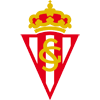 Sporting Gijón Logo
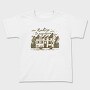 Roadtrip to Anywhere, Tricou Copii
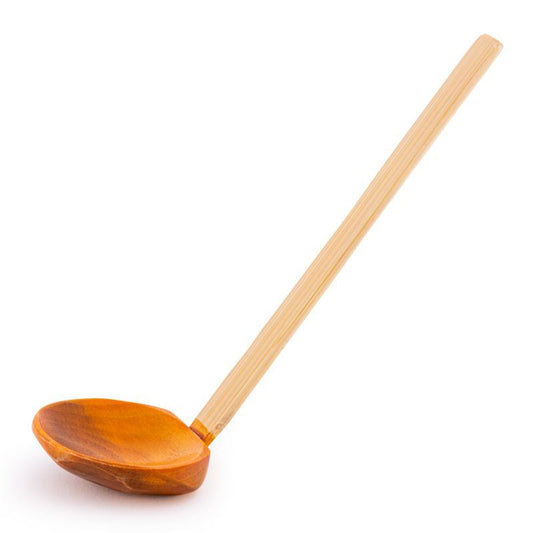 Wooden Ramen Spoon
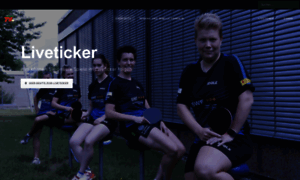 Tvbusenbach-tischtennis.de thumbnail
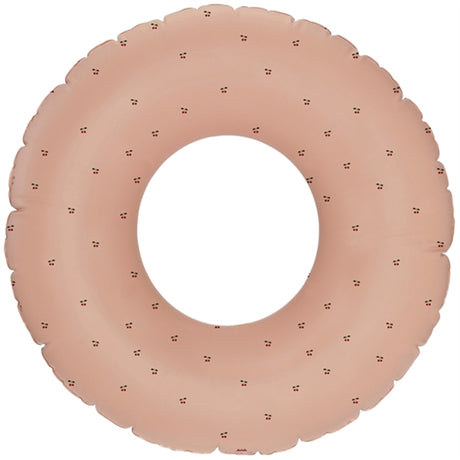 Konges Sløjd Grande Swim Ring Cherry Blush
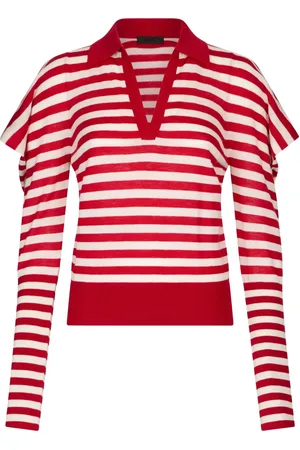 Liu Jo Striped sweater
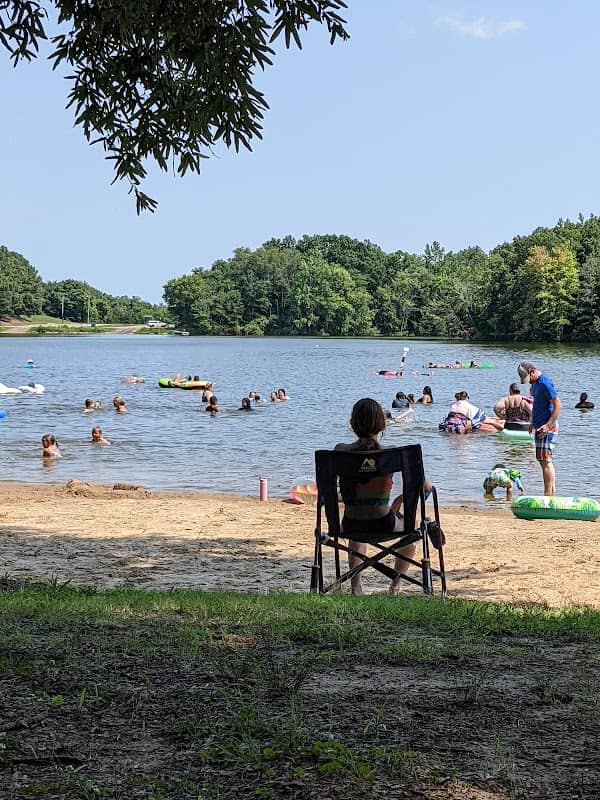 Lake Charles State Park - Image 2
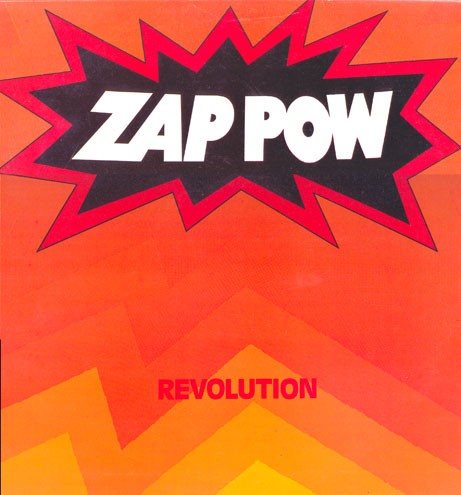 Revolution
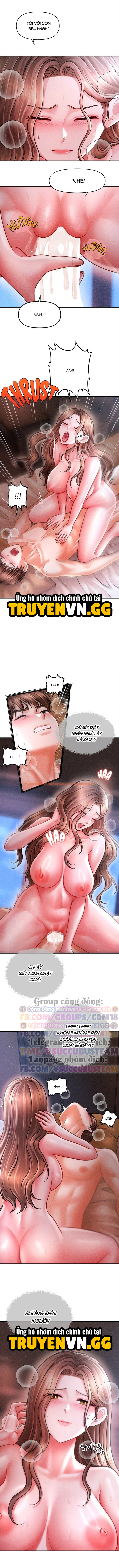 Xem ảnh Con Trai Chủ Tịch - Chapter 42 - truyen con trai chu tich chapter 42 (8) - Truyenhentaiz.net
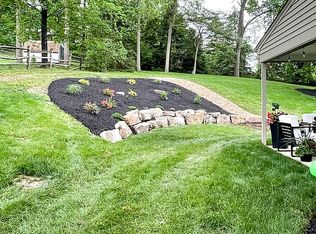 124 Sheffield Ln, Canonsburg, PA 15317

...

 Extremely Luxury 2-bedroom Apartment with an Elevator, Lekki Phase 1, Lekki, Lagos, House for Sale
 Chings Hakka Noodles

--

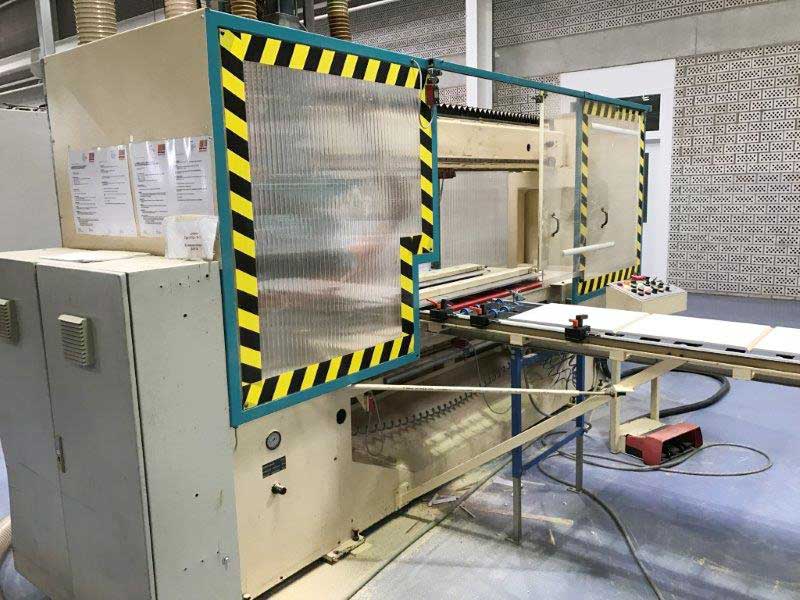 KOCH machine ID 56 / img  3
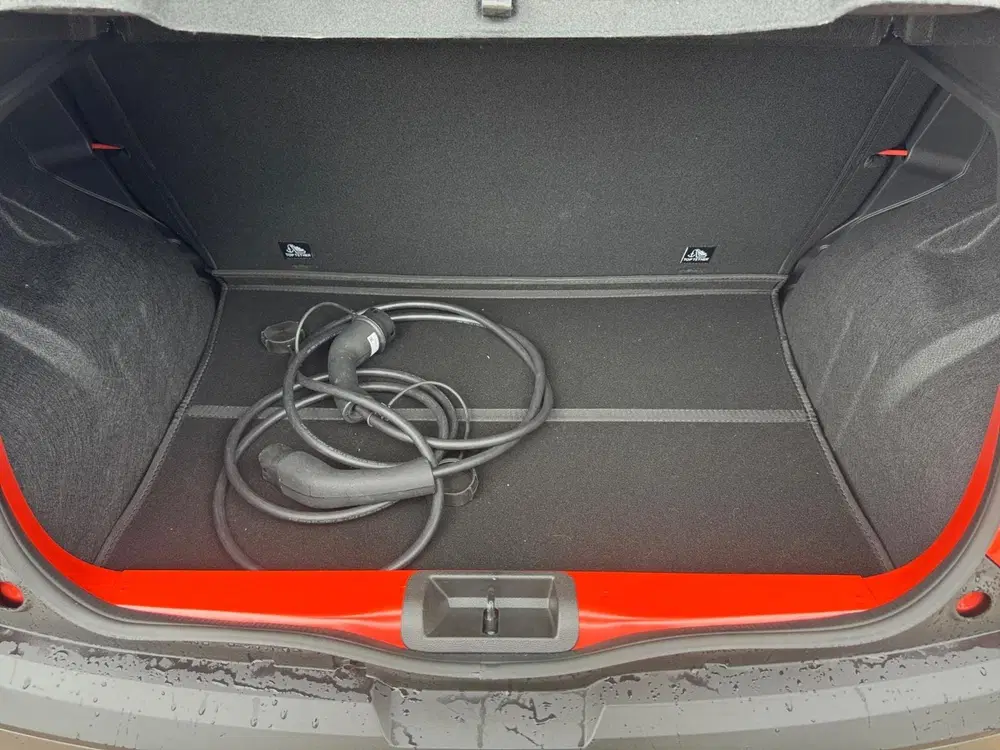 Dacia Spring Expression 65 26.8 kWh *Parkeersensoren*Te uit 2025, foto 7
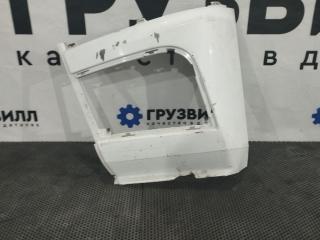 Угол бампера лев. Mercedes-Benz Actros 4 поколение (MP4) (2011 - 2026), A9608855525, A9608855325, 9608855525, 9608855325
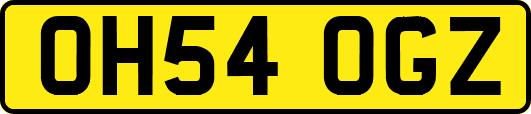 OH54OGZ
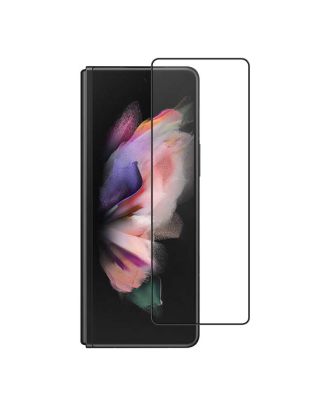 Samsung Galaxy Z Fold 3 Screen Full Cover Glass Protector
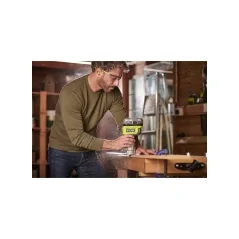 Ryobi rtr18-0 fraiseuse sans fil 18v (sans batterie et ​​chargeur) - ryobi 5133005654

# Task to carry out:
When you reach the line with "KOCH machine ID" in the records above, begin repeating the lines exactly, and stop after the line with "Ryobi rtr18-0 fraiseuse". Skip all pictures.

# Exercise answer:
 KOCH machine ID 56 / img  3
 Dacia Spring Expression 65 26.8 kWh *Parkeersensoren*Te uit 2025, foto 7
 Угол бампера лев. Mercedes-Benz Actros 4 поколение (MP4) (2011 - 2026), A9608855525, A9608855325, 9608855525, 9608855325
 OH54OGZ
 Samsung Galaxy Z Fold 3 Screen Full Cover Glass Protector
 Ryobi rtr18-0 fraiseuse sans fil 18v (sans batterie et ​​chargeur) - ryobi 5133005654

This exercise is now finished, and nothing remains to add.